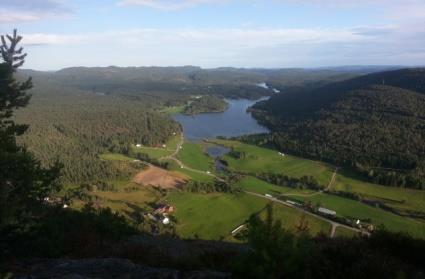 Korsvann i Kroken, 2-poeng Lett kupert gangtur til en flott fiskeplass ved Korsvann i Kroken. Følg fv.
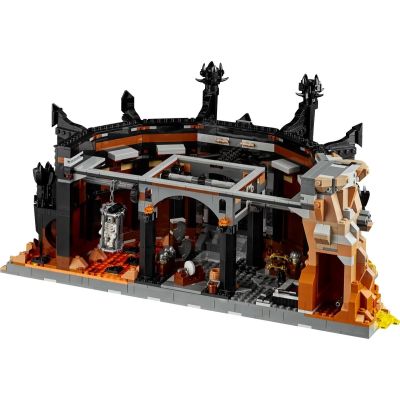 25. LEGO Icons 10333 - Władca pierścieni: Barad-dur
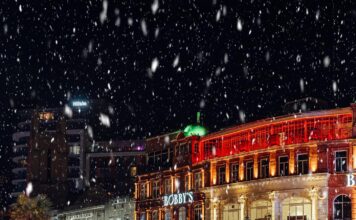 Bournemouth Christmas Market 2025 A snowy Bournemouth Christmas Market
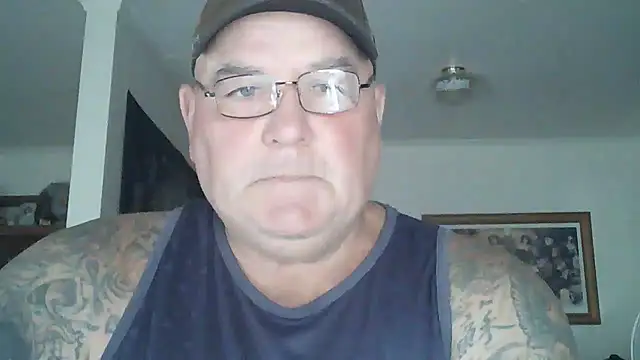 Snapshot of HOTANAL chatting on 02.19.25 HOTANAL online show from 02.19.25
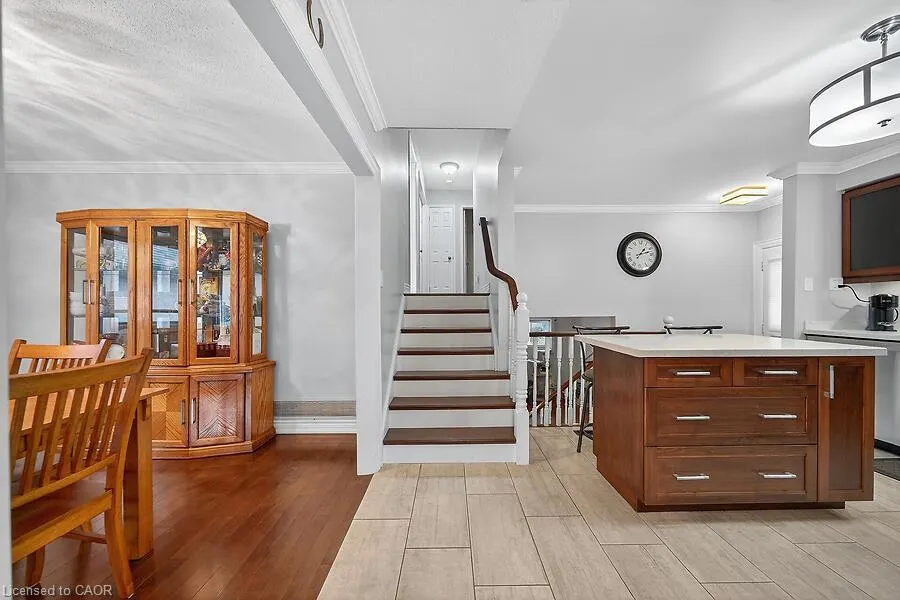 82 Aylmer Crescent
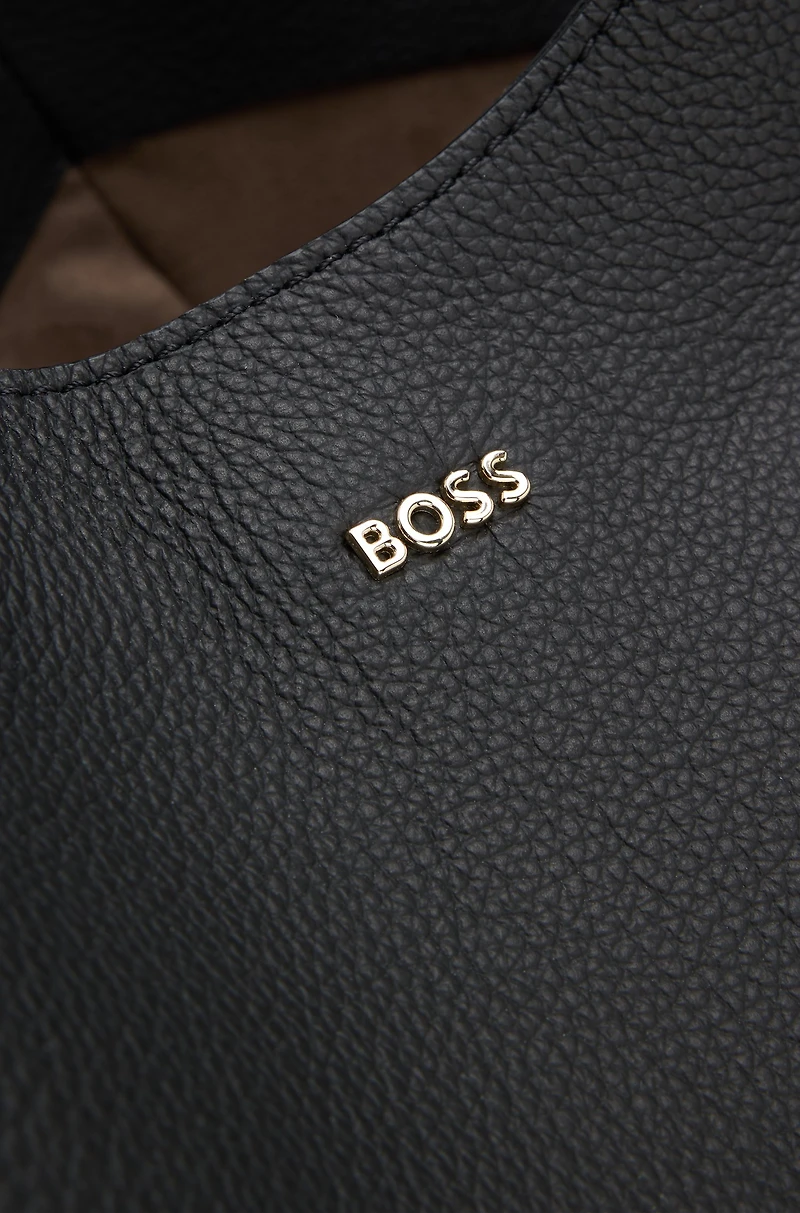 Logo-lettering tote bag in grained leather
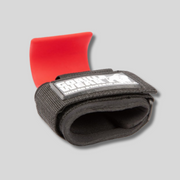 GORILLA WEAR Стоманени куки с накитник Weight Lifting Hooks Black/Red - GetMorePower.bg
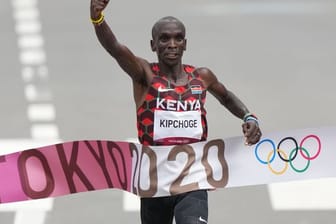 Der Kenianer Eliud Kipchoge gewann souverän den olympischen Marathon.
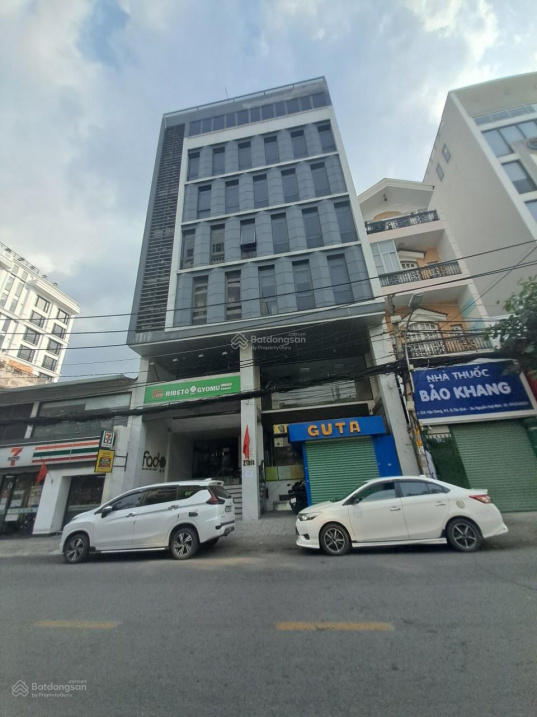 Bán tòa nhà mặt tiền Lê Văn Sỹ, P12, Quận 3, DT: 8x26m, 7 lầu, thang máy, công nhận: 208m2, 55 tỷ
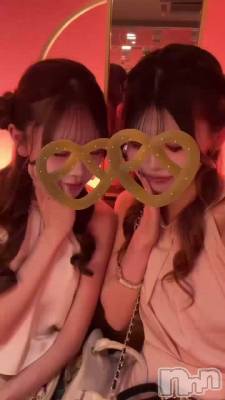 👩🏼‍❤️‍💋‍👩🏽❤︎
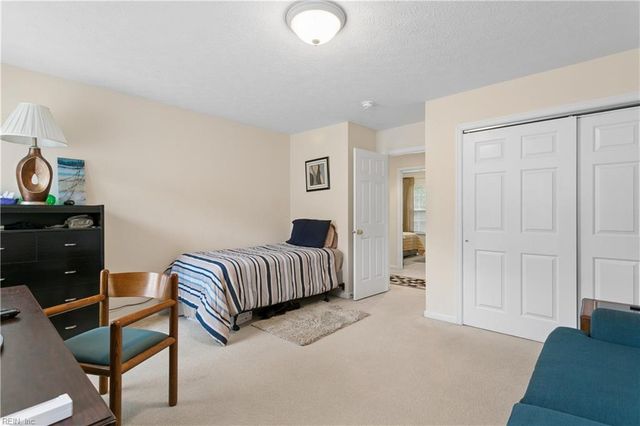 211 Bayberry LN, Yorktown, VA 23693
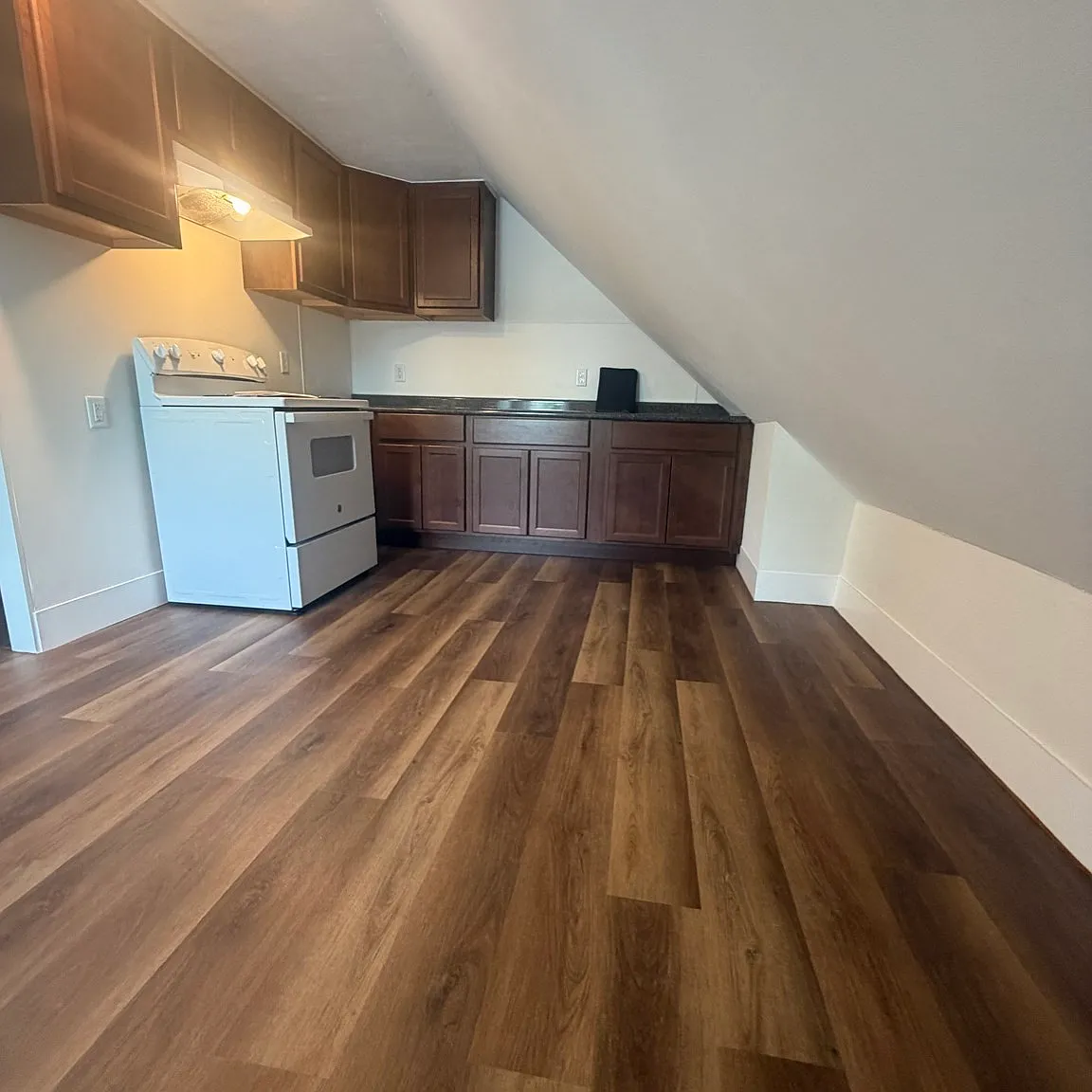 2 bed, 1.0 bath, 800 sqft, $1,800 — Photo 3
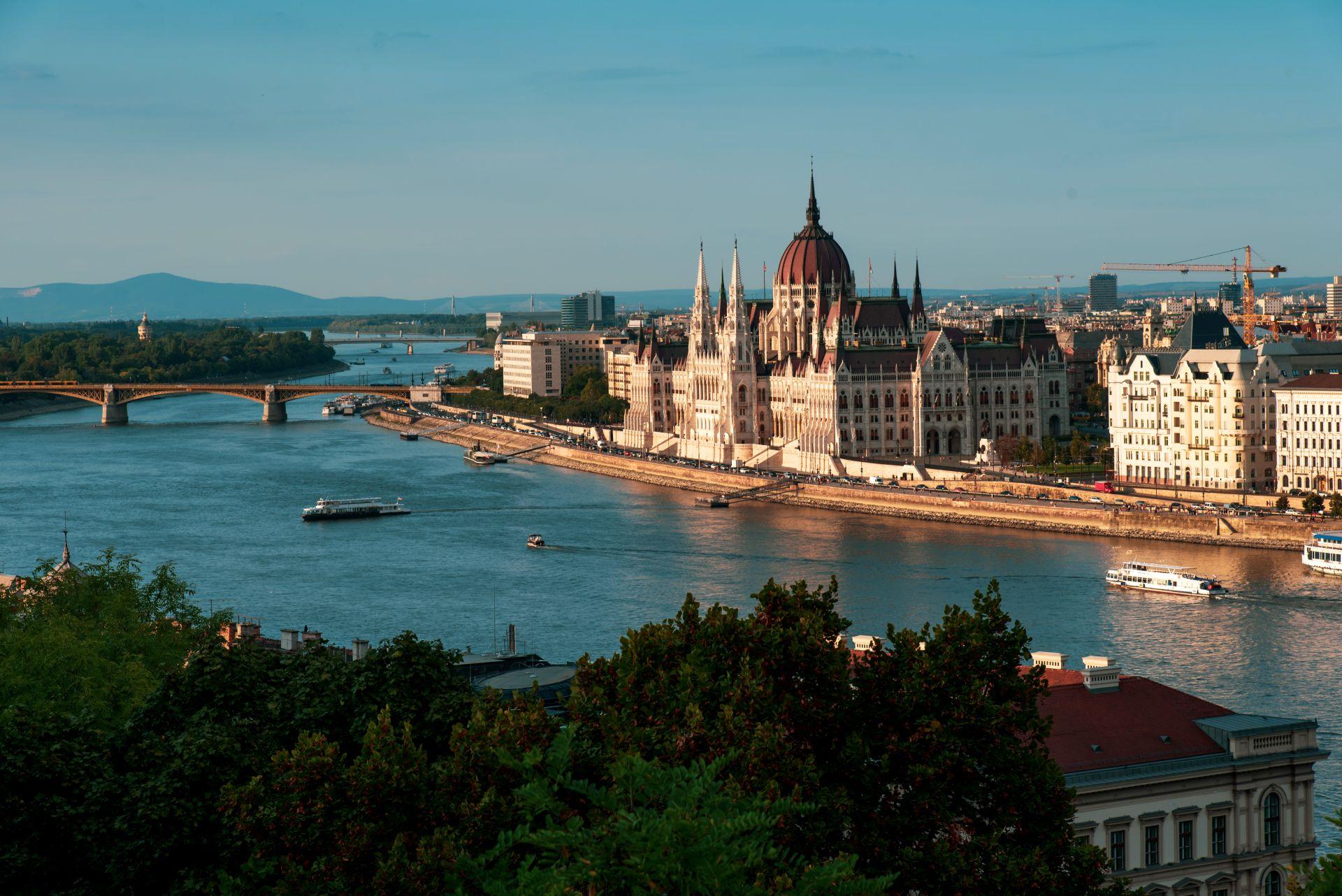 blick auf budapest und donau parlamentsgebaeude ungarische hauptstadt immobilienmarkt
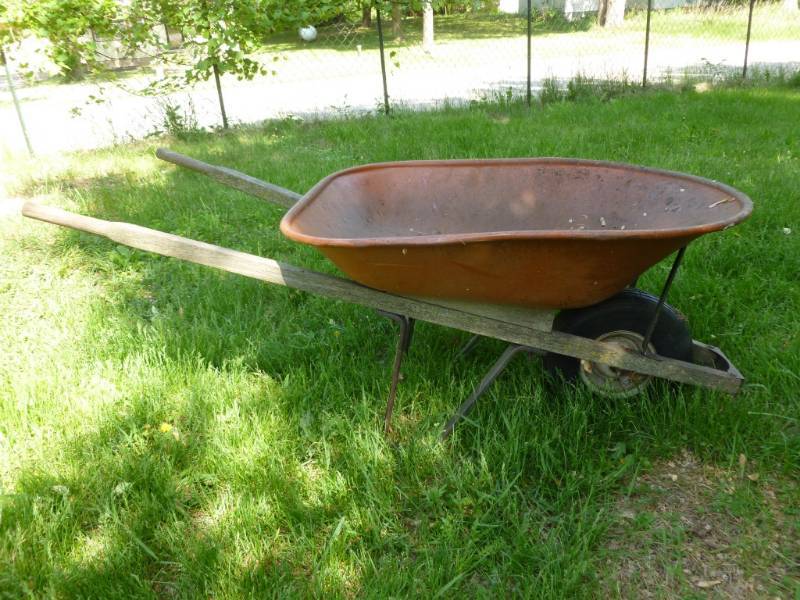 lot 13 image: Wheel Barrow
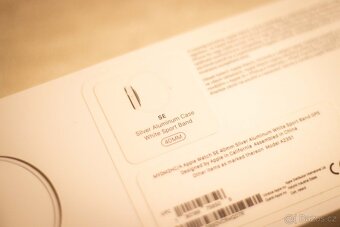 Apple Watch SE 40 mm – Silver + Nike Sport řemínek - 11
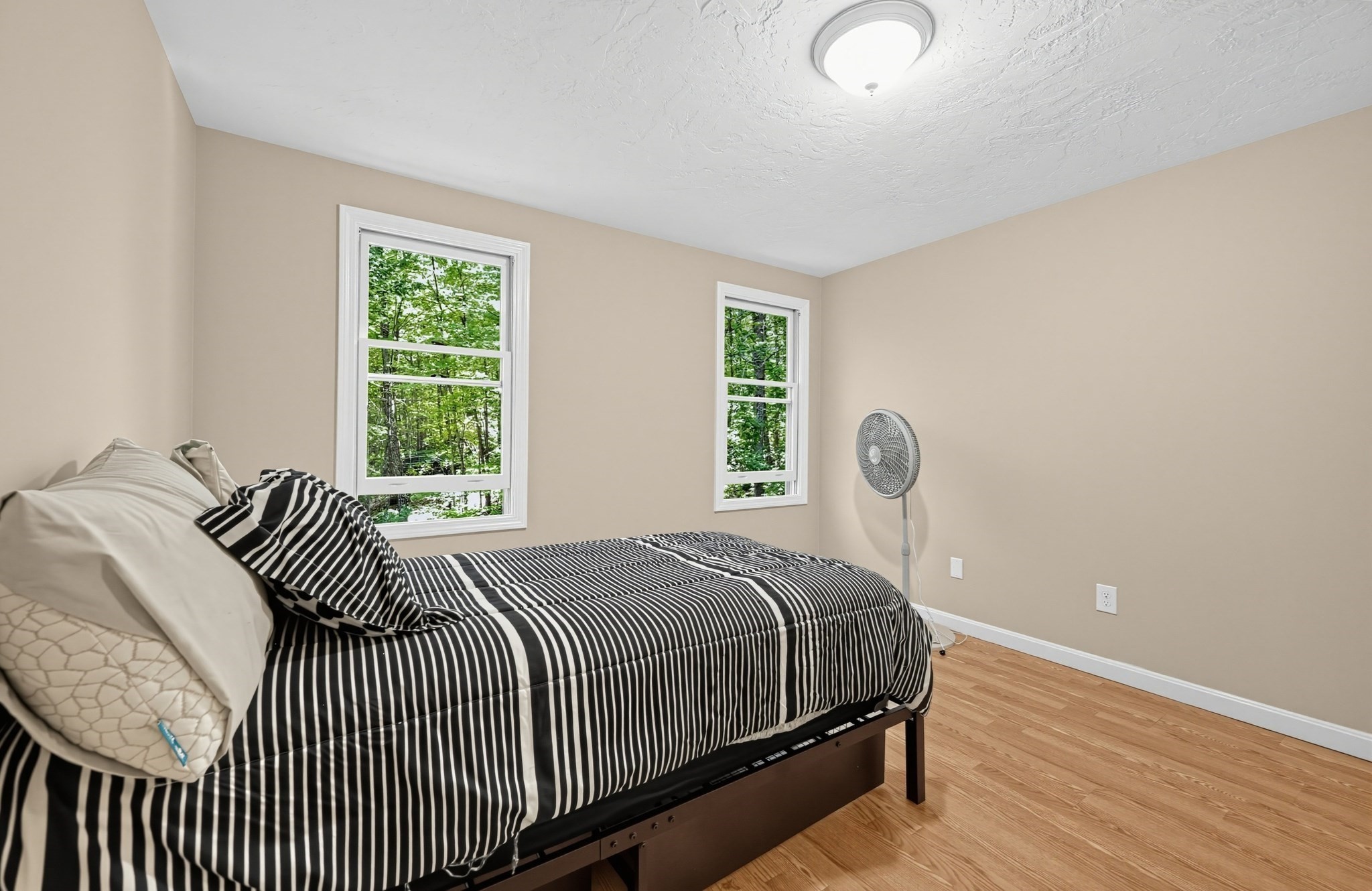 6 Woodview Dr Property Photo 23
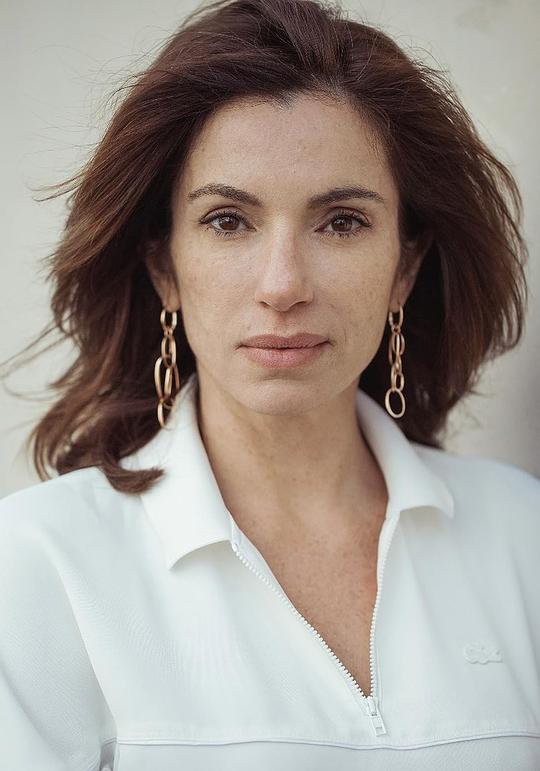 奥雷·阿蒂卡 Aure Atika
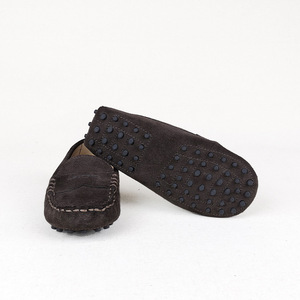 Usine de chaussures de styliste en cuir suédé à fond souple pour enfants mocassins Gommino mocassins - Product Image 4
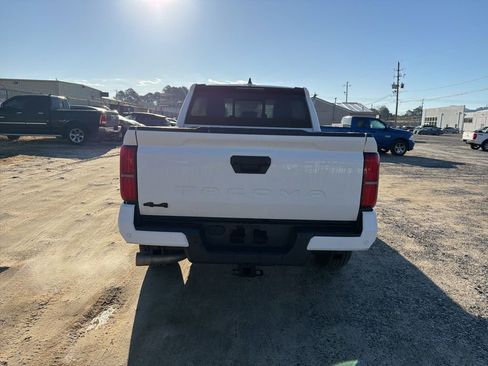 Used 2024 Toyota Tacoma SR5 image 4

□ □ □ □ □

*What needs to be done:* Extract, word for word, each line from the one that contains "奥雷·阿蒂卡 Aure Atika" through the final line of the data above. Leave the pictures out.

*Reply to the task:*
 奥雷·阿蒂卡 Aure Atika
 Usine de chaussures de styliste en cuir suédé à fond souple pour enfants mocassins Gommino mocassins - Product Image 4
 Used 2024 Toyota Tacoma SR5 image 4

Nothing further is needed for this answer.